Original "Prediction": 17 Wins, 7 Losses.

Real Prediction: 10 Wins, 8 Losses.

Gavin Floyd had a very good year last year for the White Sox, and it was one that many people just didn't see coming. Granted, he got some of the best run support that a pitcher has ever seen, but it is still hard to take away from his win total for the Sox last year.

His fastball still catches some hitters off guard, but he's really going to have to have improved over the off-season in order to have anything close to my original prediction. To be a bit more fair, I'm putting him at only 10 wins, then, to give him some room to improve, and hopefully, he'll do just that.

He really does need to work on keeping his pitches lower, though. It'll be the death of him at U.S. Cellular Field if he can't do that.

 

John Danks

Original "Prediction": 20 Wins, 4 Losses.

Real Prediction (Yes, I mean this): 20 Wins, 5 Losses.

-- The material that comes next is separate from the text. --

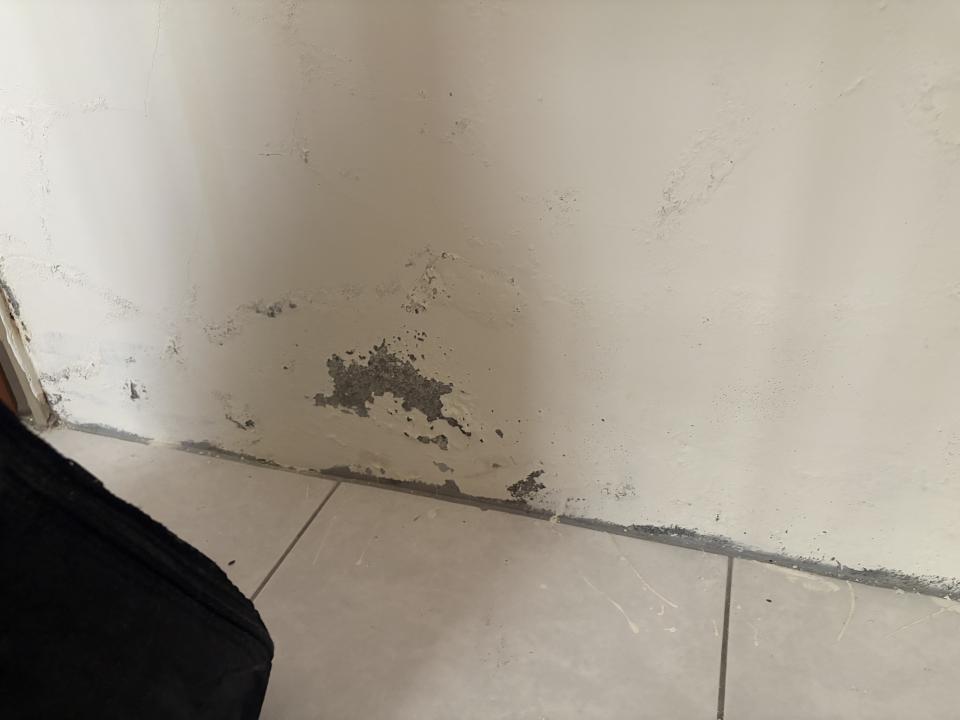 壁癌處理案件圖片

Just hear me out on this, people.

John Danks is looking to embark on his best year so far in a White Sox uniform. He opted against pitching in the World Baseball Classic for the fact that he'll likely be pitching his highest number of innings yet this season, and he bulked up about fifteen pounds in the offseason, a sign that he's getting a bit more serious about becoming a big-name pitcher.

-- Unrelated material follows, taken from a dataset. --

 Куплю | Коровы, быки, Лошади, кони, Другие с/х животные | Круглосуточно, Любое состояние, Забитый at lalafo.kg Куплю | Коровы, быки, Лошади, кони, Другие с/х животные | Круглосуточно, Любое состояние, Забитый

As I've said more than once before, Danks avoided the sophomore slump, and really got shorted of a better season than he pitched. With the same kind of run support that Javy or Gavin got, what kind of numbers would Danks have had?

Last year, Danks pitched in six games where the Sox lost by no more than two runs. Those scores (0-2), (0-2), (0-2), (3-4), (7-8), (2-3), all only amount to Danks getting 12 runs of support in six games. That means that he only received two runs of support on average in games where he was the losing pitcher, approximately.

Of the 21 runs the Sox gave up in those games, Danks was only responsible for 11 of them, meaning that he still beats the scoring curve by a run.

Offense and relief lost those games for him. Given his overall W-L last year, (12-9), if you chalk him up those six wins and take away six losses, his totals become 18-3. It doesn't sound too far off now, does it?

Give Danks a chance to be a big game pitcher for the Sox again this year, and to do big things for the South Siders for at least a few years to come.

 

Bartolo Colon

Original "Prediction": 12 Wins, 13 Losses.

Real Prediction: 7 Wins, 9 Losses.

Because of an injury slowed start to his season, it would be prudent to imagine that Colon won't be making all of his starts this year. This isn't all bad, as whoever doesn't win the fifth spot in the rotation could likely be called up to fill in for him, or even take over the spot, if Colon gets injured again.

However, as much as I hate to see a losing record in a starting rotation, it's going to happen, and this is one area where I see it happening for the Sox this year. I'm not sure Colon can regain the needed endurance to pitch a whole season, or pick up that many decisions this year.

Time will tell, and we may be pleasantly surprised, but for now, don't go too crazy over it.

 

Jeff Marquez/Clayton Richard/Lance Broadway/Jose Contreras

Original " Prediction": 6 Wins, 9 Losses for the first half, 5 Wins, 3 Losses for Jose.

Real Prediction: A combined 8 Wins and 10 Losses.

This prediction doesn't reflect, in any way whatsoever, that I think any of these pitchers are necessarily bad pitchers.

However, we don't yet know how Marquez will handle The Cell, Clayton Richard didn't have a good enough season last year to inspire too much hope, and Lance Broadway seems to handle the Royals, but doesn't do too well with anyone else.

Look for these three to battle it out for the first half of the year, and when Jose returns, look for him to be back in decent shape, to at least notch up a few wins for the fifth spot in the rotation.

Overall Rotation Record: 60-41.

It's not too crazy to expect 101 decisions out of the White Sox starting rotation this year. It might be kind of crazy to expect them to win 80 or more of those decisions, though.

The bullpen looks like it's going to bring back some proven veterans, as well as work in a few new cogs to keep the relief in Chicago a well-oiled machine, and hopefully, it can pick up as many wins as possible with the remaining 61 decisions.

But that's another story, for a whole other article.